Ten Questions to Ask After a Network Outage

A network outage can be disruptive and expensive, so you want to eliminate the causes. This checklist of the top 10 questions to ask after a network outage can help you identify the reasons for an outage and expose any gaps in your monitoring. Ideally, you'll learn from an outage to prevent others in the future. In addition to outages, your business may also experience network slowdowns or frequent bottlenecks that can be very disruptive. Here are the 10 questions to ask after a network outage or severe performance loss.

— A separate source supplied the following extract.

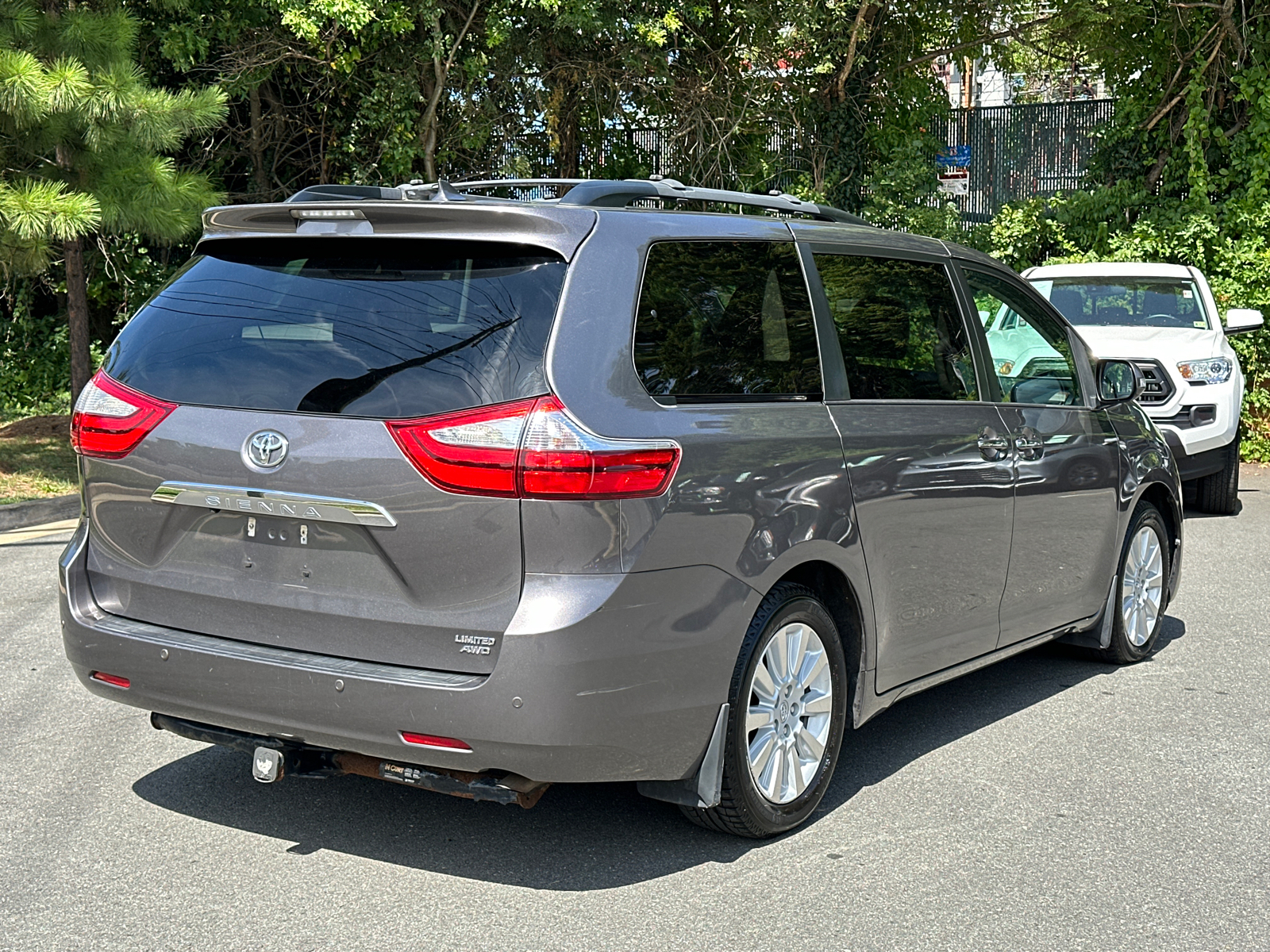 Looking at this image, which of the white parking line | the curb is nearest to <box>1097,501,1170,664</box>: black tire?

1. How was the outage detected?

The first step is to identify how you found out about the outage or network slowdown. If you got an alert immediately after the network went down, that's a good sign that your monitoring systems are in place and functioning properly. Even better would be if you received an alert before the system went down. The worst-case scenario is to receive a call from a customer or user who can't access the applications they need. Your network monitoring system should send root cause alerts that identify the precipitating event, rather than flooding you with hundreds of alerts that force you to search for the root cause.

2. Were the right people notified quickly?

The next item on your checklist should be identifying the people who received the alerts. A broadcast message that goes to everybody on the IT team is intrusive and counterproductive. You want a network monitoring solution that can identify the source of the issue and notify the responsible person. For example, it makes no sense to notify your hardware specialist if malware caused the outage. Isolating the problem to its root cause is important to a fast resolution. The person notified can then call in others for assistance if necessary.

3. What caused the outage?

If your network monitoring system notified you and identified a root cause of a slowdown or outage, you're ahead of the game. But once you're back up and running, make sure that the cause was properly identified. Sometimes you may think you have one problem when you actually have two. Or even three. Or an entirely different problem. Trace the problem back to its source so you can be sure you take the right corrective actions.

4. Is there malware on my network?

Anytime you have a network outage, you should suspect malware. Study your intrusion detection logs and run a full system scan with updated virus definitions. You may also want to add additional security to protect against 'non-malware attacks'  - an increasing concern. According to research published in Small Business Trends, the number of ransomware attacks is up at least 500 percent this year. Don't get caught. Educate users and ensure you have good backups and procedures for isolating infected devices.

5. Has any of my hardware been damaged?

If the network outage was caused by hardware, make sure you replace the device. Even if you reboot, it may simply fail again. Also, even if a device didn't cause the problem, it may have been damaged during the shutdown. Run diagnostics on everything to be sure.

6. How long will it take for my systems to come back?

You should have a disaster recovery plan that can help you with predefined procedures for bringing the network back up. That can help you estimate how long you'll be down or not operating at peak capacity. A big portion of the recovery time will be your backup and restore procedures, so make sure you always have a good backup plan for data.

7. Did we lose any data?

Depending on the cause of the outage, your data may have been affected. With ransomware or malware, your data is almost certainly corrupted to some degree. If it was a mechanical failure, validate that all in-process transactions were completed. Check your logs and roll back or re-enter any transactions that didn't make it.

8. Were there other impacts on users or operations?

Check with critical operational departments to understand the impact. Were customers unable to place orders on your e-commerce site? Was finance unable to process invoices? Understand how the outage affected the business, not just the data center. Once you know, determine how you can minimize the impact on critical business areas if there's another outage or slowdown that hurts business.

9. Were SLAs affected or violated?

Did the outage or performance issue violate your contractual SLA with an ISP, SaaS or hosting provider? If so, you may be owed a refund or credit on your next invoice. Don't forget to ask for the money since many companies won't provide it unless you do.

If you are the one providing the hosting or otherwise the provider of an SLA, make sure you send out a note of apology to affected customers, and explain the steps you have taken to prevent a recurrence.

10. What preventive actions will we take as a result?

Now that you have identified the root cause of the outage or slowdown and all the affected business areas, either update your existing plan or pull together a new one that identifies actions, responsibilities and corrective actions. Publish the results, and incorporate everything into your operational and recovery procedures.

It may not be possible to prevent every network outage, but you can minimize the damage and prevent some future issues by asking the right questions when you do run into a serious problem.